There is no dearth of the well intentioned on both sides, who ardently believe in overcoming the trust deficit through more frequent contacts between the civil society, cultural exchanges, relaxed visa requirements, trade and investment and track-II diplomacy.
They can rightfully claim to have contributed to greater understanding and amity on the basis of mutual benefit. The difficulty lies with those who, for cultural reasons or personal choice, constitute the hate brigades, the ultra-nationalists, the atavists, the armies of Allah and Ram. Every step toward rapprochement serves as a red rag to them.
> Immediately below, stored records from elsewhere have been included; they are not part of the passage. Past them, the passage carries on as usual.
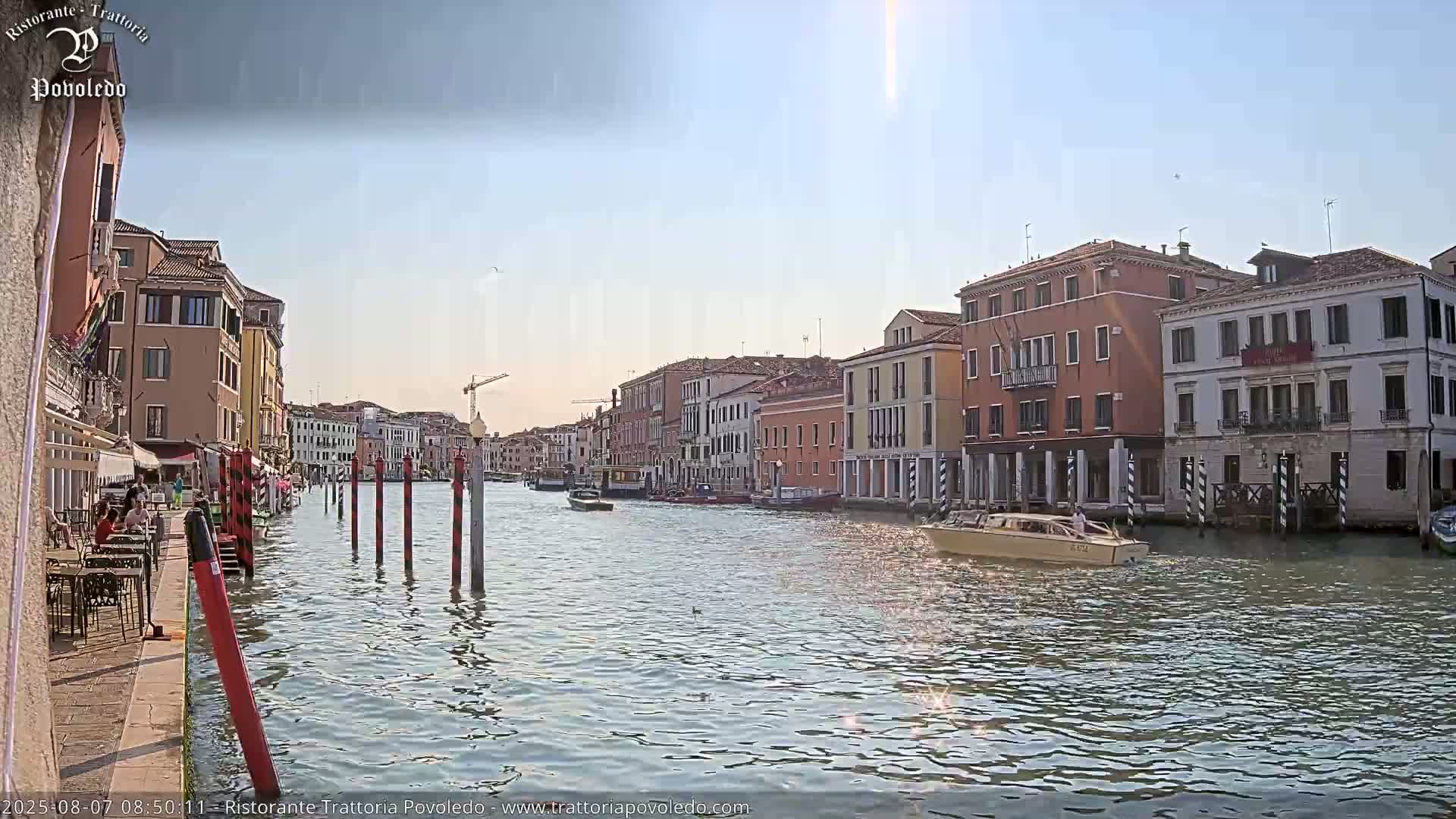 Venezia, Grand Canal Boat Traffic View Live Cam - Venice, Veneto, Italy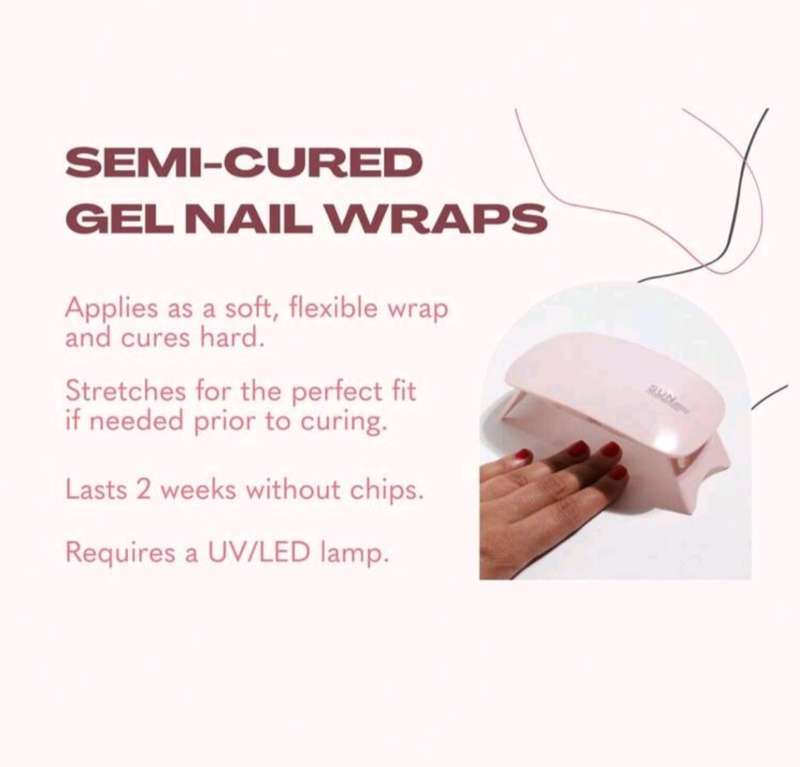 Gel Nail Wraps - Instant Manicure (choose color)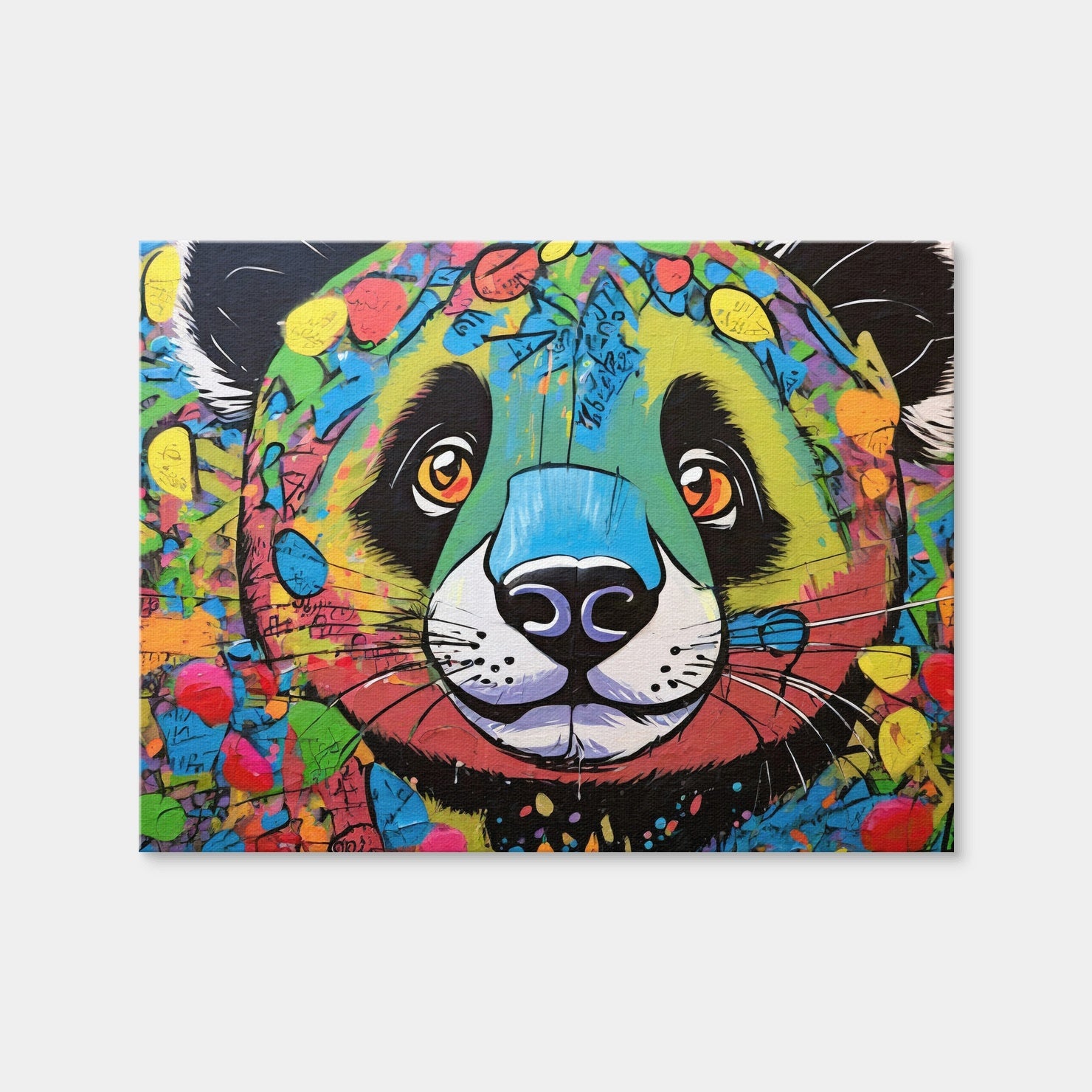 AUTO-MOCKUP WHITE | Panda Graffiti | 1 Piece | Gallery Wrap Canvas | group=4x3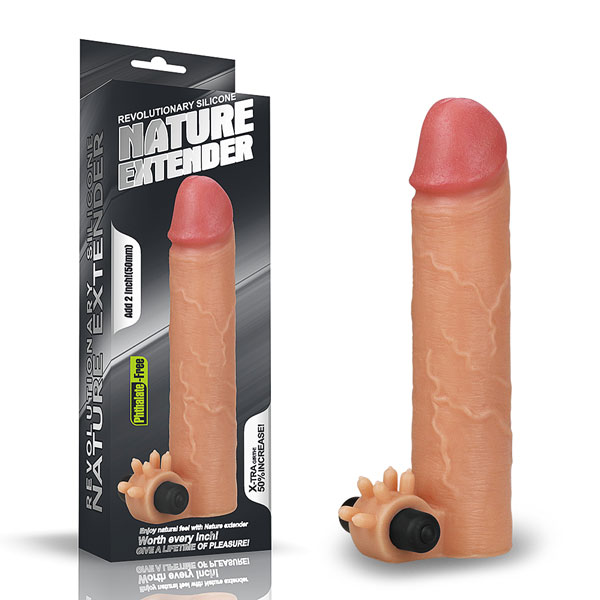 Bao cao su đôn dên Lovetoy Nature Extender cao cấp có rung siêu mềm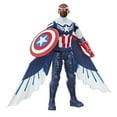 thumbnail image 1 of Marvel: The Falcon and the Winter Soldier Captain America Kids Toy Action Figure for Boys and Girls (7”), 1 of 3
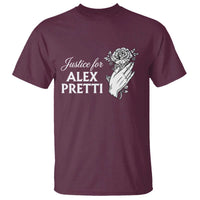Justice for Alex Pretti Floral Memorial T Shirt Minneapolis Jan 24 2026 Tribute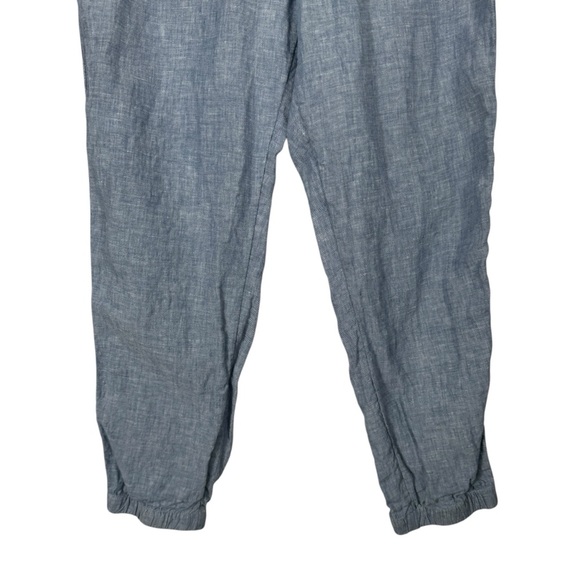 Athleta Cabo Linen Joggers, Light Blue, Size 12 - Picture 4 of 7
They are a minority but have their patrons and sympathisers in the two establishments.
The Pakistani hate brigade is largely based in Punjab, close to the historic battlegrounds, but their counterparts are well entrenched in Mumbai, which remained unscathed in Indo-Pakistan wars but has been the scene of repeated communal violence and terrorism.
Such is the level of anti-Pakistan sentiment in Mumbai that Pakistan’s repeated efforts over a quarter of a century to establish its consulate in the city, first at the Jinnah House and then elsewhere, have met a wall of insurmountable resistance.
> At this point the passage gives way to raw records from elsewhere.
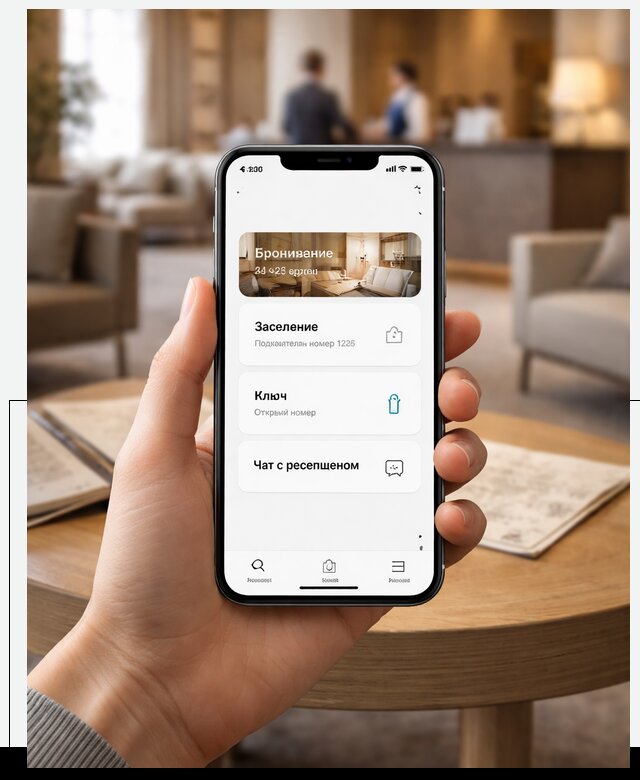 Мобильное приложение для гостей отеля в Глазове, управление сервисом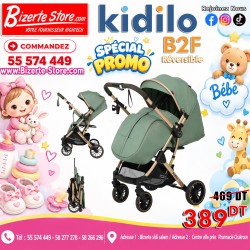 Poussette Bébé  Réversible Kidilo B2F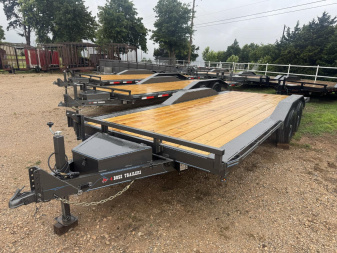 New 2025 4BOSS TRAILERS 102x22 Electric Tilt Flatbed Trailer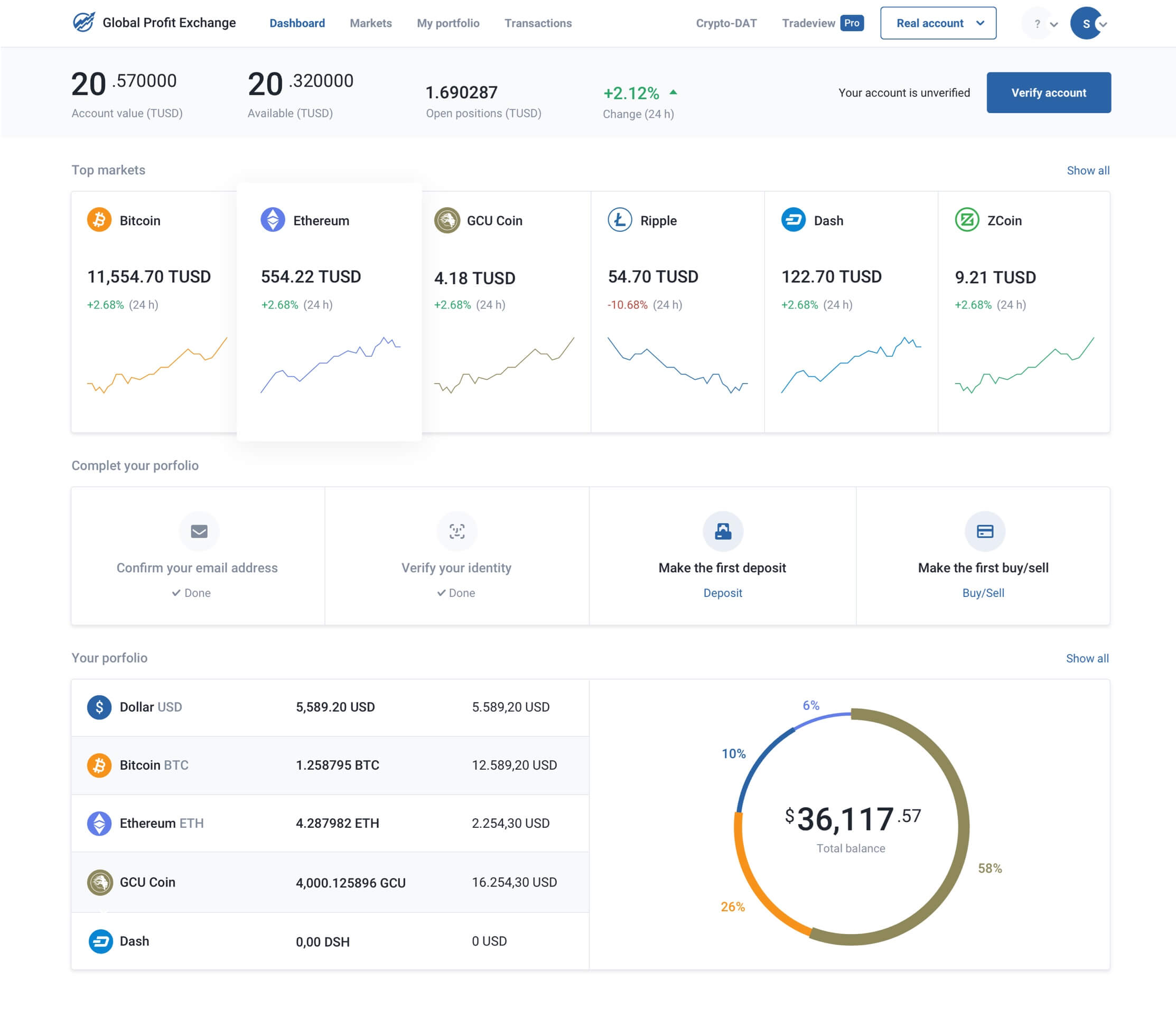 Landing page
This situation shows no sign of changing even though India is required under the Vienna Convention on Consular Relations, to assist Pakistan in finding premises for establishing its consulate. In retaliation, Pakistan has denied India permission to reopen its consulate in Karachi. The two governments have proved incapable of breaking the logjam.
Extremists on both sides are helping each other by maintaining a vicious cycle of violence and retribution as 1.2 billion people of India and Pakistan watch and wait in bewilderment, anxious to know if they will ever benefit from normal ties in the region.
History and sociology or philosophy may provide useful clues to how nations behave in a certain manner. But they do not offer clues on how to resolve disputes if the stronger side wants to maintain the status quo and the other refuses to accept a patently unjust dispensation.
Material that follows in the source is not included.